# k-Resolved electronic structure of buried heterostructure and impurity   systems by soft-X-ray ARPES

**Authors:** V. N. Strocov, L. L. Lev, M. Kobayashi, C. Cancellieri, M.-A. Husanu,, A. Chikina, N. B. M. Schr\"oter, X. Wang, J. A. Krieger, Z. Salman

arXiv: 1906.11025 · 2019-06-27

## TL;DR

This paper demonstrates how soft-X-ray ARPES enables detailed investigation of the electronic structure of buried heterostructures and impurities, revealing quantum states, bosonic interactions, and magnetic impurity effects crucial for advanced electronics.

## Contribution

It introduces the application of SX-ARPES to probe buried heterostructures and impurities, providing new insights into their electronic properties.

## Key findings

- Buried quantum-well states identified in heterostructures
- Bosonic coupling effects on electron transport observed
- Magnetic impurities characterized in semiconductors

## Abstract

Angle-resolved photoelectron spectroscopy (ARPES) is the main experimental tool to explore electronic structure of solids resolved in the electron momentum k . Soft-X-ray ARPES (SX-ARPES), operating in a photon energy range around 1 keV, benefits from enhanced probing depth compared to the conventional VUV-range ARPES, and elemental/chemical state specificity achieved with resonant photoemission.
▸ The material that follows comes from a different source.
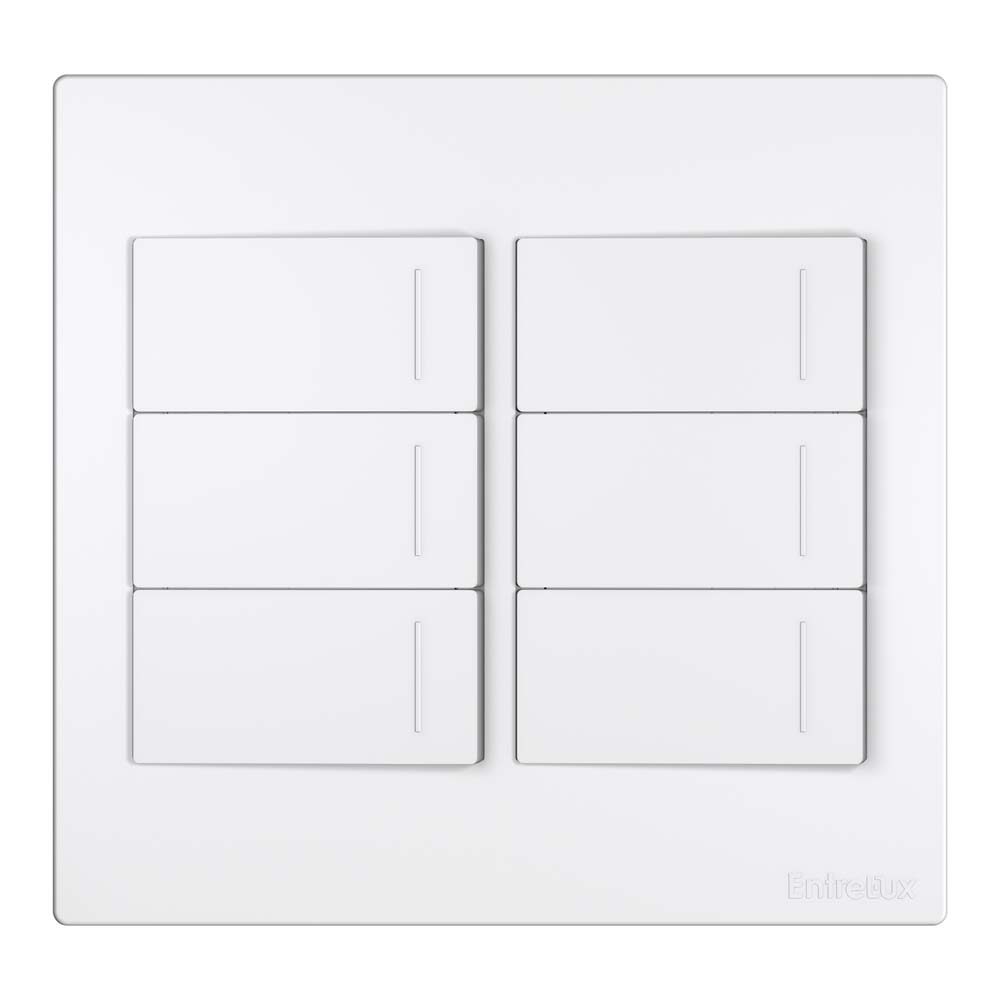 Classic 4×4 interruptor triplo + interruptor triplo branco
These advantages make SX-ARPES ideally suited for buried heterostructure and impurity systems, which are at the heart of current and future electronics. These applications are illustrated here with a few pioneering results, including buried quantum-well states in semiconductor and oxide heterostructures, their bosonic coupling critically affecting electron transport, magnetic impurities in diluted magnetic semiconductors and topological materials, etc. High photon flux and detection efficiency are crucial for pushing the SX-ARPES experiment to these most photon-hungry cases.